The basic element that every professional has to deal with is what we in the 2Time Management system call a Time Demand.
A Time Demand is born when someone decides to use some, as yet unspecified, amount of time to accomplish some task no matter how small. Most Time Demands are meant to be dealt with in the future, as it is usually impossible to drop everything to complete it immediately.
Time Demands include 2 parts, a prompt plus a commitment. Some examples include:
- a request that someone else makes that we agree to fulfill
- a decision to start exercising on Monday
- a project that we are going to start working on next month
- a bill that must be paid by check at the end of the month
- a call to our mother tonight
- time to rest, recover or recuperate
- the time we spend in the car to get from Chaguanas to Port of Spain for a wedding
- an email that needs to be returned
- checking voice-mail
- reading the newspaper in the morning
These all take time to be fulfilled, from short times to very long times.
Many professionals are stressed by the number and weight of the time demands that they have committed to fulfill. They walk around with what feels like a burden of having too much to do, and not enough time to do it in.
In a sense, their observation is correct. If they are creative and committed people, then the chances are good that they will die without completing each and every time demand.
In other words, they will never get to the point where they finish every time demand, as experience shows that time demands are created at the instant that others are completed.
The problem that many Novices in time management face is that they attempt to use their memory to manage their time demands, instead of a trusted system. The result, as mentioned in a prior entry, is chaos and unreliability.

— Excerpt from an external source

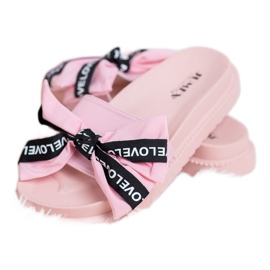 Jumex Chinelos com laço de amor rosa 2 Jumex Chinelos com laço de amor rosa 2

The response of many Novices is to try limit their commitments, and this works for a while, until they find something they are really interested in (such as having children) and their lives return to chaos once again.

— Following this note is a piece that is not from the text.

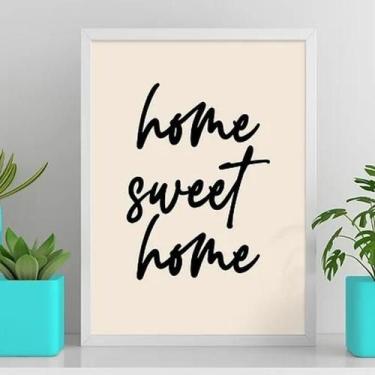 Imagem de Quadro Decorativo Sweet Home 45X34Cm - Com Vidro Branca - Quadros On-L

The real solution is to knowingly and skilfully create a time management system that can grow with an increasing number of time demands. With this commitment in hand, a professional can take new assignments, accept promotions and add new hobbies and interests. They have an inner confidence that they are actively expanding their time management system, and with practice, they can gauge how quickly they can evolve their structure to accomplish more.
This is the essence of what makes 2Time very different from other time management systems.
Every other system that I have found presents an ideal and perfect method that must be followed to be successful. A new user must immediately and comprehensively change their habits to fit into the new system, in order to meet the new ideal. Obviously, those new users who are more disciplined, or have habits that are already close to the ideal are more likely to make the switch.
Most users fail after a few days or weeks, as the force of their habit pushes them back to where they were before.
That is like asking a first-time visitor to a martial arts studio to merely follow the practices of a black belt, and after 2-3 days of drills, expecting them to be able to follow them thereafter.
Instead, 2Time starts with a user at whatever point they happen to be. While the ideal is discussed and presented, the user is encouraged to plan a migration path for themselves that involves a gradual change in habits, allowing them to move from one belt level to another at a pace that suits them. There is an implicit recognition that each person is different, and that a single, one-shot approach to changing long-ingrained habits is not the best way for everyone to learn a new system.